We've got to get deeper
So, my pitch went super well :) I made a first one with execs, then a second one with a project manager. They all had the "eureka" moment when I explained the concept of reversing the "build knowledge db, then query it" way to "ask questions, whose answers build the knowledge db", and wanted to try the product. ... Which I still haven't delivered to them. Shame on me! But there's a good reason to that.
As one of the people I've pitched put it, being able to correctly analyze questions while they are being typed in is the "nerf de la guerre" (the very core of the battle).
The whole vision of the product is that not only you build your knowledge database by asking questions, but you're then suggested answers while you're typing, so that you can find your answer without causing any interruption for your coworkers if it already has been answered. That means, nobody won't ever hesitate before asking something, and people answering questions will always hear about only new questions. That's a change from the sometime robotic support coworkers bring to one an other! So, how a product can do that?
This rings a bell
My initial answer was to use the collaborative filter algorithm from Spotify. On Spotify if an user "John" loves albums A, B, C, ..., and Y and an user "Alice" loves albums B, C, D, ..., Z, you can expect that John will love Z and that Alice will love A. You don't have to go through painful music style guessing, yay!
Well, my problem is quite the same. I want, given a question, to suggest content which seems close. That is, I want to find synonyms for most important words, and search for them as well. And I want to do that without having to know which language each of my customers' company use. I certainly don't want to load (and update) dictionaries from all languages around! Plus, it would not help much, since different teams may use some words as synonyms for others based on their company's culture more than usual language's meaning (what if they decided that "press room" and "pit" are synonyms?).

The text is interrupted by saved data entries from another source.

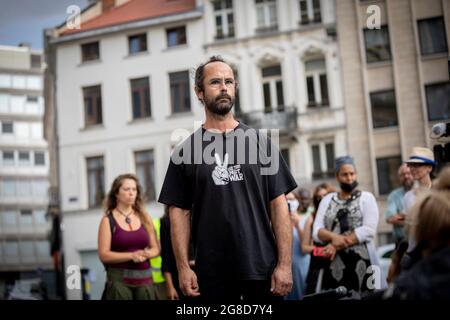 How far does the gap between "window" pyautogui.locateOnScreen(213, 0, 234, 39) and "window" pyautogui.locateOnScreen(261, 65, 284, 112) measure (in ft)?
4.88

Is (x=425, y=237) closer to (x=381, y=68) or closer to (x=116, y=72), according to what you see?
(x=381, y=68)

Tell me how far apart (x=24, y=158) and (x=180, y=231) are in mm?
54336

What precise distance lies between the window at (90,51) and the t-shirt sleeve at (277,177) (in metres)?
17.3

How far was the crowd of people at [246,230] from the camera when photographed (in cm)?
207

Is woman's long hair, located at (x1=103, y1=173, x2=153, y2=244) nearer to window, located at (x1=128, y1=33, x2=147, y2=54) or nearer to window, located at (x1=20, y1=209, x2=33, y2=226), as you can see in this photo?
window, located at (x1=128, y1=33, x2=147, y2=54)

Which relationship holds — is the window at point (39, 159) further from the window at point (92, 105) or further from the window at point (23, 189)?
the window at point (92, 105)

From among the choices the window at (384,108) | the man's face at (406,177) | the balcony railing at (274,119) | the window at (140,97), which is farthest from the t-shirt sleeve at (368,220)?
the window at (140,97)

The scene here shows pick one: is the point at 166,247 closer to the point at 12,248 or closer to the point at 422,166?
the point at 422,166

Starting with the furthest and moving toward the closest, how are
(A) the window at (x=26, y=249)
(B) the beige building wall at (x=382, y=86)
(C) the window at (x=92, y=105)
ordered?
1. (A) the window at (x=26, y=249)
2. (C) the window at (x=92, y=105)
3. (B) the beige building wall at (x=382, y=86)

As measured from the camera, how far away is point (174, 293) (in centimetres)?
546

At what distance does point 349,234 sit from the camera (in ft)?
16.0

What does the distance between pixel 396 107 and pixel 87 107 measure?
8.46m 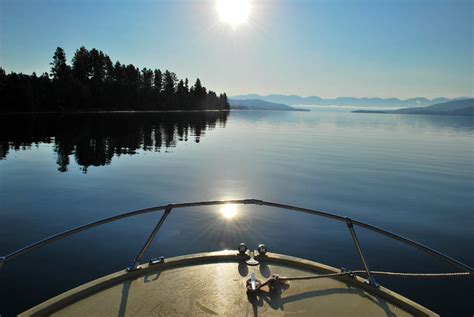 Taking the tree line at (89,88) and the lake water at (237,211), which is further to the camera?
the tree line at (89,88)

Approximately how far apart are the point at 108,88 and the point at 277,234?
412 feet

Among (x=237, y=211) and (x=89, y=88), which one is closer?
(x=237, y=211)

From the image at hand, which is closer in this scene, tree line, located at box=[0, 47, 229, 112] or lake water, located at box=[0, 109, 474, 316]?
lake water, located at box=[0, 109, 474, 316]

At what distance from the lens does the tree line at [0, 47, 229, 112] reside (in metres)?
99.2

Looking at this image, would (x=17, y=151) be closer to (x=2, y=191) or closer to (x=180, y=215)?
(x=2, y=191)

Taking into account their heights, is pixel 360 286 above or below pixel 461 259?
above

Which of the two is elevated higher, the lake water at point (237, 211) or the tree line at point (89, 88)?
the tree line at point (89, 88)

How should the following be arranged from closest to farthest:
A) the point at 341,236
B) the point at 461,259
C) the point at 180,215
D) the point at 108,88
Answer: the point at 461,259, the point at 341,236, the point at 180,215, the point at 108,88

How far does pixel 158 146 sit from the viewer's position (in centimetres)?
4122

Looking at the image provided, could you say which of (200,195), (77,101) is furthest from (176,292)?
(77,101)

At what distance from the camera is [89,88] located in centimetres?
11831

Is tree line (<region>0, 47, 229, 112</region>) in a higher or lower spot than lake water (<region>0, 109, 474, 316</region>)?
higher

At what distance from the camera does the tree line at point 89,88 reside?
99.2m

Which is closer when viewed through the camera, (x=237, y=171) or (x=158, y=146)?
(x=237, y=171) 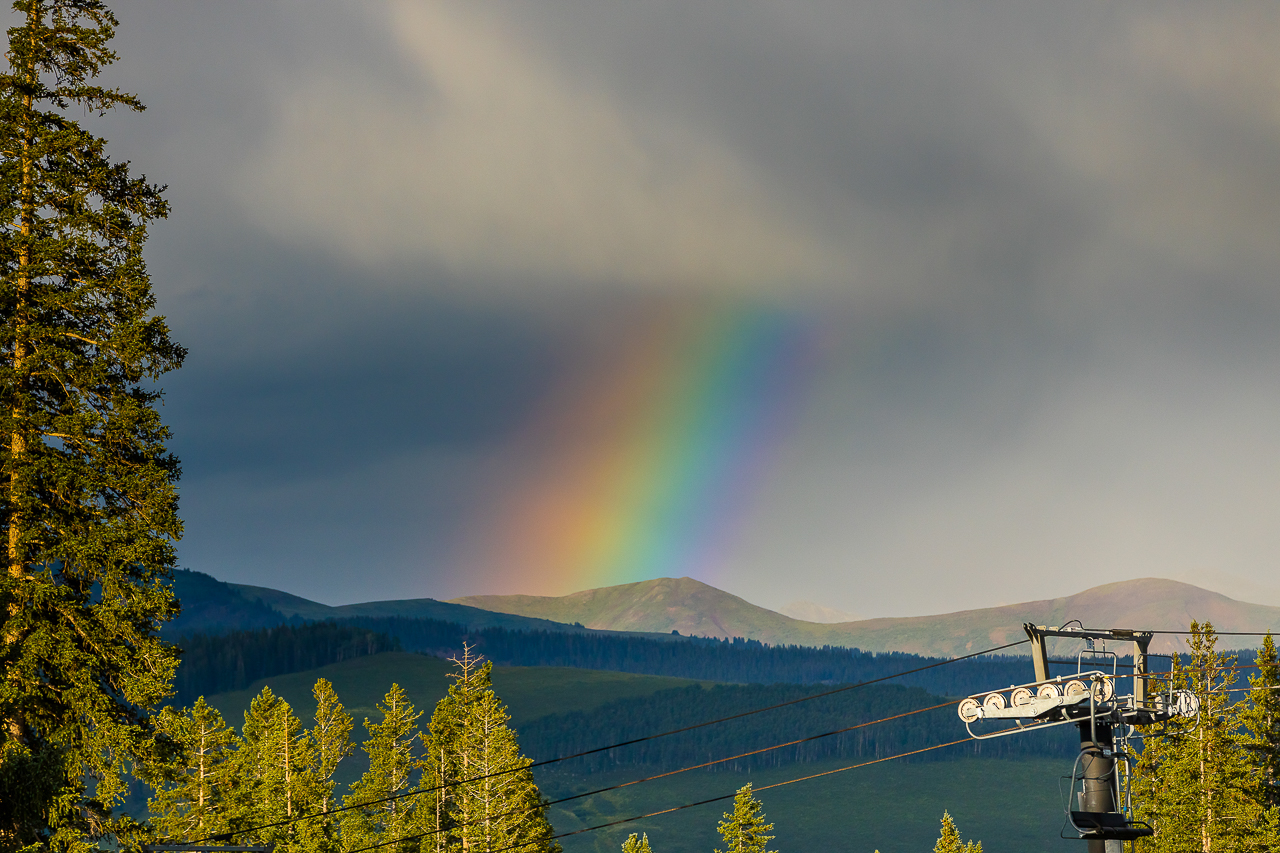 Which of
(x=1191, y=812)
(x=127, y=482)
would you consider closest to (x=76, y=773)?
(x=127, y=482)

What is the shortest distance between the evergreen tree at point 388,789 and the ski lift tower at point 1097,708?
3791 centimetres

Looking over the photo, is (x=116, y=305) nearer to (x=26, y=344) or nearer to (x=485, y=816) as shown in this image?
(x=26, y=344)

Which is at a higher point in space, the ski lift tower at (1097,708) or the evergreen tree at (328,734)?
the ski lift tower at (1097,708)

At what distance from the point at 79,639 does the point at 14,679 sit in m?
1.59

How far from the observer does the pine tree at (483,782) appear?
209 feet

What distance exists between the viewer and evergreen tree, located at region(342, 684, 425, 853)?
204 ft

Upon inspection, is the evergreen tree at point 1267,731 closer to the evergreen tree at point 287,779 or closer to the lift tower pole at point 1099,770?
the lift tower pole at point 1099,770

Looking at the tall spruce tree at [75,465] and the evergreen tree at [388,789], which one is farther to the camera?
the evergreen tree at [388,789]

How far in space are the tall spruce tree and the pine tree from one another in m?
37.0

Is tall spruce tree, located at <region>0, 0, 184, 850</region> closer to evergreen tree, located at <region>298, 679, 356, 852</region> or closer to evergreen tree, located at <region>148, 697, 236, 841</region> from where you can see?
evergreen tree, located at <region>148, 697, 236, 841</region>

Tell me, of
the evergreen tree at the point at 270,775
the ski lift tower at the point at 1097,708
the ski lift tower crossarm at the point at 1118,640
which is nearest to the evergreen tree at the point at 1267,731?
the ski lift tower at the point at 1097,708

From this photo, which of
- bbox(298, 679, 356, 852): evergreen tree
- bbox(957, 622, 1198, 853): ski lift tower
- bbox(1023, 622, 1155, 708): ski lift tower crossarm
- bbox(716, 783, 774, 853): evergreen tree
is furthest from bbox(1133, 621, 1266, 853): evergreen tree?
bbox(298, 679, 356, 852): evergreen tree

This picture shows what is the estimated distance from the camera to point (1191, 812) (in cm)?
5772

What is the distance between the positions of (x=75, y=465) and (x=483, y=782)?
45005 mm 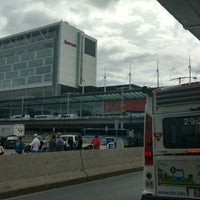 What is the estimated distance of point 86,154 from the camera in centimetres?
1544

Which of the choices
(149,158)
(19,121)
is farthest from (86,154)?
(19,121)

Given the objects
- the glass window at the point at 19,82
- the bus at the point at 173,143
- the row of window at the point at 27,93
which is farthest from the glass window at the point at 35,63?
the bus at the point at 173,143

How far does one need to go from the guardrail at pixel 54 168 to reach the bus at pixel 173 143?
4855mm

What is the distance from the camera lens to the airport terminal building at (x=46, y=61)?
512 feet

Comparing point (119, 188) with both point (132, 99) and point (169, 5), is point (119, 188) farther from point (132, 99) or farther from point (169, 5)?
point (132, 99)

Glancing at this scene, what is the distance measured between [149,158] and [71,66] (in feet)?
517

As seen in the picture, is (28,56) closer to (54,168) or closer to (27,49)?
(27,49)

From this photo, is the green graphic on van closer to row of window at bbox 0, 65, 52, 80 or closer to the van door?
the van door

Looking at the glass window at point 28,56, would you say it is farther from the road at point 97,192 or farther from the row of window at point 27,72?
the road at point 97,192

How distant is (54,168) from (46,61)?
147488mm

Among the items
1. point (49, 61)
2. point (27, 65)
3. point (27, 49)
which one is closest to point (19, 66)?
point (27, 65)

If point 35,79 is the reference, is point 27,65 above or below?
above

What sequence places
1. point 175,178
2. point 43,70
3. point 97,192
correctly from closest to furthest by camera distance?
point 175,178
point 97,192
point 43,70

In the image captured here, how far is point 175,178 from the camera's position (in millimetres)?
7383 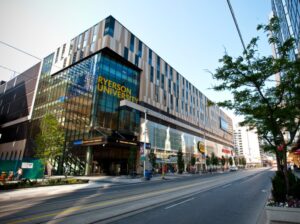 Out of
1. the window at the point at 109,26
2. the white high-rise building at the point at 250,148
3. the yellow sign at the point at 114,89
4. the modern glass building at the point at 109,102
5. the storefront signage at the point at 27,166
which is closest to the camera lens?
the storefront signage at the point at 27,166

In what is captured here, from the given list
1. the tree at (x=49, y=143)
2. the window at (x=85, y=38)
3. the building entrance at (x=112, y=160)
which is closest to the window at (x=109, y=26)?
the window at (x=85, y=38)

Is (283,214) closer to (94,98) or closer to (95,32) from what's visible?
(94,98)

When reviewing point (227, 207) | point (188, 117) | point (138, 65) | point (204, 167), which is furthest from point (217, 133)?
point (227, 207)

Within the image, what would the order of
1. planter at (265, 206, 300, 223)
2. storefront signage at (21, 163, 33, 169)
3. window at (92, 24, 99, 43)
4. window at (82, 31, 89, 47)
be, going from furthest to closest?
window at (82, 31, 89, 47)
window at (92, 24, 99, 43)
storefront signage at (21, 163, 33, 169)
planter at (265, 206, 300, 223)

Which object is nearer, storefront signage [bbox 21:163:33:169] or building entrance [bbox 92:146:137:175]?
storefront signage [bbox 21:163:33:169]

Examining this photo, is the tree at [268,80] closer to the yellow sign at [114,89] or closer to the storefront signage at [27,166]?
the storefront signage at [27,166]

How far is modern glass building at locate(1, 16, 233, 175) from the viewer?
38.0 m

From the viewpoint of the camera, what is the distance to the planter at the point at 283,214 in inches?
259

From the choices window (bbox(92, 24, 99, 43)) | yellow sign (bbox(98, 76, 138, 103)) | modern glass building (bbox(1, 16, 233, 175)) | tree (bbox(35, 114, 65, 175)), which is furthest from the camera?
window (bbox(92, 24, 99, 43))

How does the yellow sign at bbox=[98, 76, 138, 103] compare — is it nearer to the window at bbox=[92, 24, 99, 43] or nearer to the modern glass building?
the modern glass building

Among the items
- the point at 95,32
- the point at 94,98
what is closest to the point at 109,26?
the point at 95,32

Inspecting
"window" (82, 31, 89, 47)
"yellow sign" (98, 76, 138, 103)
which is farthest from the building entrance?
"window" (82, 31, 89, 47)

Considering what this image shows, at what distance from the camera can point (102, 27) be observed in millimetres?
42469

So I implemented something close to Spotify's idea. In each question/answer coming, I parsed a list of words with more than 2 letters, removed duplicates and stored them in database. Then, when typing a question, I did the same for the current question, and searched for the previous questions/answers with the highest number of similar words. This worked well ... with test data.
Did I hear some noise?
But then, I started to use the product to build my own knowledge database (yeah, I just can't count on my memory for that :P ). As more data was going in, the suggestions seemed more and more random. Bummer. I implemented the same algorithm in OpenVoyce, and it turns out that while it always provide sentences that are indeed close, they just don't have the same meaning.
Typically, if you ask "Hey guys, I was wondering if there was somewhere a list of customers?", it will be way closer to "Hey guys, I was wondering if there was a way to delete a page?" than to "where is the customer list document?". There is something in a sentence that there is not in a list of albums: a lot of noise. I tried for a while to only store the rarest words in each sentence, but this caused the lost of the synonym detection, losing the context. I could just not deliver the product as is, its coolest feature was just not working.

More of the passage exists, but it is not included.